Una situazione davvero complicata, in cui anche dati all’apparenza positivi nascondono in realtà problematiche strutturali serie, come quello del primato italiano nella produzione, che in questa sfavorevole congiuntura, è tutt’altro che un vantaggio.
“La leadership produttiva è una iattura”
A fornire questa interpretazione è Lamberto Frescobaldi, appena riconfermato alla carica di presidente di Unione Italiana Vini e che, proprio durante l’assemblea dell’associazione, vuole esprimersi senza timore di malintesi.
“Facciamola finita con questa storia del primato produttivo dell’Italia nel vino. I consumi sono in calo, in Italia e all’estero. La leadership produttiva non è un primato, ma una iattura. Abbiamo oltre 40 milioni di ettolitri di vino in giacenza e se la prossima vendemmia sarà nella media con circa 50 milioni di ettolitri, avremo a fine anno una disponibilità di prodotto per circa 90 milioni di ettolitri. Un’offerta monstre che rischia di deprimere i prezzi. Non c’è proprio nulla da esultare”.
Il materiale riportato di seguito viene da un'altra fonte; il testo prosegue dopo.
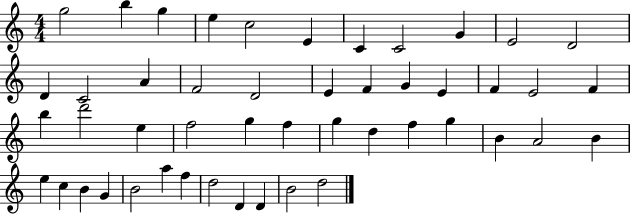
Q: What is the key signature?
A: C major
La soluzione, secondo Frescobaldi, sarebbe quella di aggiornare il Testo Unico del Vino, una legge vecchia quasi un decennio e che richiede grandi adattamenti a uno scenario che vive cambiamenti sempre più profondi e repentini.
“Dobbiamo ridurre le riclassificazioni e gli esuberi, anticipare le date per le dichiarazioni di produzione. Insomma, eliminare tutte quelle flessibilità che favoriscono una sovrapproduzione che poi non riusciamo a collocare sul mercato” spiega il presidente.
Fondamentale dovrà essere un’ampia revisione delle denominazioni: ”in Italia abbiamo più di 520 tra Doc, Docg e Igt ma le prime 20 fanno l’80% del fatturato. E’ inutile avere un’etichetta per ogni filare di vigna se poi i consumatori non sanno neanche riconoscere da quale area del Paese quel vino proviene. Sono riconoscimenti che esistono solo sulla carta e non aiutano le vendite del vino italiano”.
La posizione di Unione Italiana Vini è quindi chiarissima, ma il ministro dell’Agricoltura Francesco Lollobrigida minimizza, definendo la preoccupazione dell’associazione “depressione”.
“Resto convinto che la depressione non sia d’aiuto. Nei dati ci sono aspetti preoccupanti ma anche opportunità. Ismea prevede per quest’anno per il vino una crescita tendenziale fino al +13%. Il nemico è l’allarmismo e la criminalizzazione del prodotto in atto in alcuni paesi e che dobbiamo contrastare con una comunicazione positiva. E dobbiamo lavorare sui nuovi mercati come stiamo facendo con Veronafiere e Ice e con gli accordi internazionali. Infine, fermo ‘no’ alle estirpazioni, la strada percorsa ad esempio dalla Francia. I vigneti garantiscono un presidio dei territori al quale non possiamo rinunciare”.